Select a Subtopic

Day 18: Web Scraping with BeautifulSoup

Learn how to scrape data from websites using Python’s BeautifulSoup library

Topics to Learn:

Introduction to Web Scraping
Using requests and BeautifulSoup
Parsing HTML

Steps to Scrape a Website:

Step 1: Install Required Libraries

To start web scraping, you need to install the following libraries:

pip install requests beautifulsoup4

Step 2: Making a Request to a Website

Use the requests library to fetch the HTML content of the webpage you want to scrape.

import requests

url = "https://example.com"
response = requests.get(url)

if response.status_code == 200:
    html_content = response.text
    print(html_content)  # This will print the HTML content of the page
else:
    print(f"Failed to retrieve the webpage: {response.status_code}")

Step 3: Parsing HTML with BeautifulSoup

After fetching the HTML, use BeautifulSoup to parse it and navigate the DOM (Document Object Model) to find specific data.

from bs4 import BeautifulSoup

# Parse the HTML content with BeautifulSoup
soup = BeautifulSoup(html_content, "html.parser")

# Print the prettified HTML (for better readability)
print(soup.prettify())

Step 4: Extracting Data

You can now extract specific data using BeautifulSoup’s methods such as find(), find_all(), etc.

headings = soup.find_all("h1")
for heading in headings:
    print(heading.text)

Step 5: Extracting Attributes

You can also extract attributes (like href or src) from tags.
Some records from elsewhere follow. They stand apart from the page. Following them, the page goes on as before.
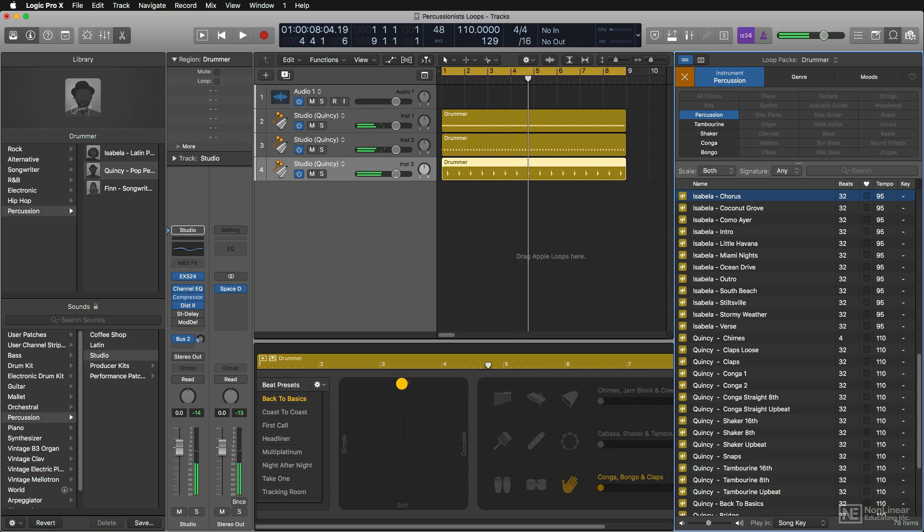So remember, when you drag these loops in, they create their own drummer tracks, which means you can go in and change the feel and the complexity and the loudness of every one of these loops individually.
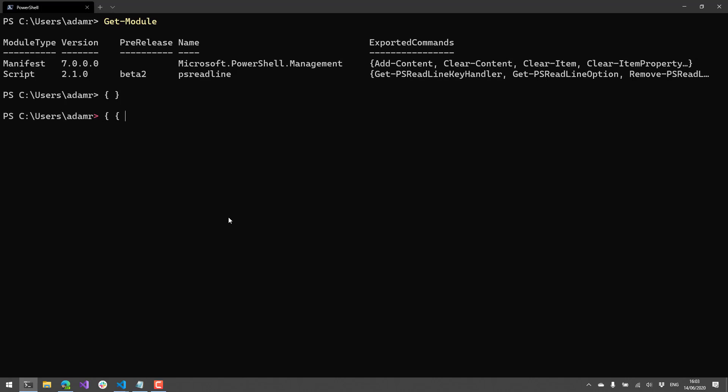This is handy when you have things like really nested commands that you may be executing and you want to know whether or not it's actually a complete command. Because if you were in a regular editor, you'd get some red squigglies indicating that the syntax of the particular command was not correct.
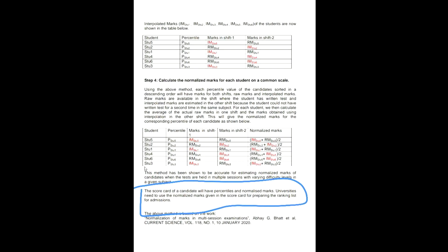The scorecard of a candidate will have percentiles and normalized marks. Universities need to use the normalized marks given in the scorecard for preparing the ranking list for admissions. So this means that it will take your normalized scorecard without that percentile. DU calculates marks, so this is the thing.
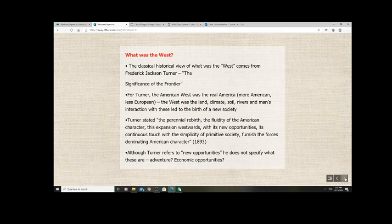Turner's romantic version of western history was replicated throughout the 20th century in movies, books, and stories. His traditional view focuses mostly on the positive aspects of westward expansion. He doesn't give much attention to slavery in the west, the extermination of Native Americans, the exploitation of Mexicans, or the oppression of women — all of that is left out of his thesis. This is why American patriots and nationalists like this version of history.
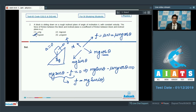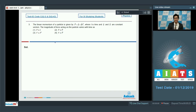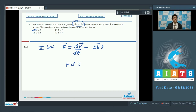Question number 3 says: the linear momentum of a particle is given by p vector equals a vector plus b vector times t squared, where t is time and a and b are constant vectors. The magnitude of force acting on the particle varies with time as? By Newton's second law, force equals the rate of change of linear momentum. Differentiating p with respect to t gives 2b vector times t. Therefore, force is proportional to t, making option 1 the correct answer.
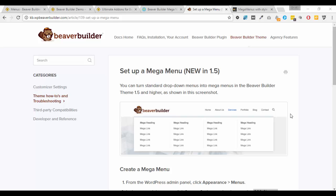Hello, in this video I'm looking at how we can tart up the default mega menus in Beaver Builder. Mega menus come as part of the Beaver Builder theme, so this is only available if you're a pro or agency user who uses the Beaver Builder theme.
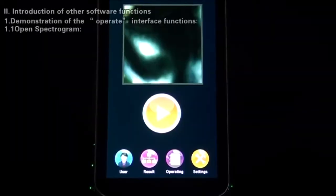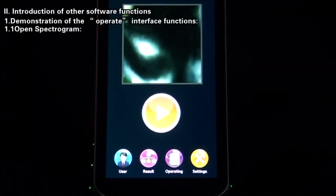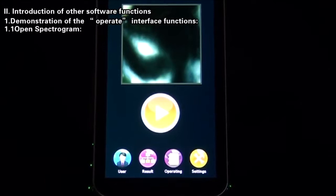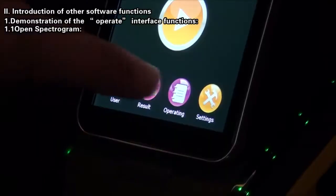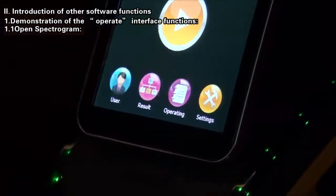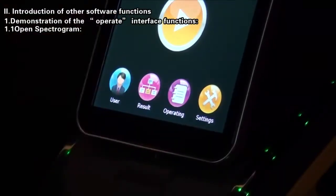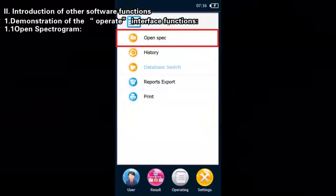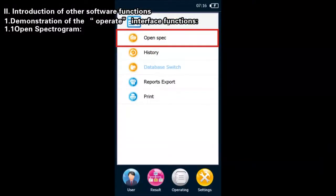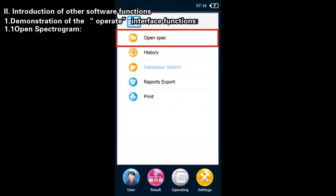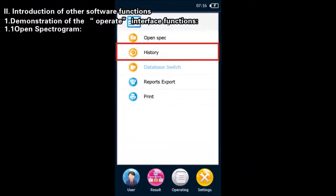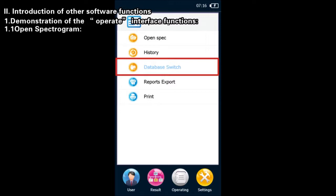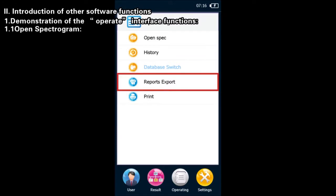Second, introduction of other software functions. Demonstration of the Operate Interface Functions: On the main interface, click the Operate button and you can see such options as Open Spectrogram, History, Database Switch Over, Report Export and Print.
links = soup.find_all("a")
for link in links:
    print(link.get("href"))

Step 6: Storing Scraped Data

After scraping the data, you can store it in a structured format, like a CSV file.

import csv

url = "https://example-blog.com"
response = requests.get(url)

if response.status_code == 200:
    soup = BeautifulSoup(response.text, "html.parser")

    # Find all article titles and links
    articles = soup.find_all("article")

    with open("scraped_articles.csv", mode="w", newline="") as file:
        writer = csv.writer(file)
        writer.writerow(["Title", "Link"])

        for article in articles:
            title = article.find("h2").text
            link = article.find("a")["href"]
            writer.writerow([title, link])

    print("Data scraped and saved to 'scraped_articles.csv')

Exercises

Scrape a Website’s Data and save to a CSV file
Scrape News Headlines from a news website

Challenges to Tackle

Handle Dynamic Content
Pagination

Important Considerations

Always respect the website’s scraping policies and handle missing data gracefully.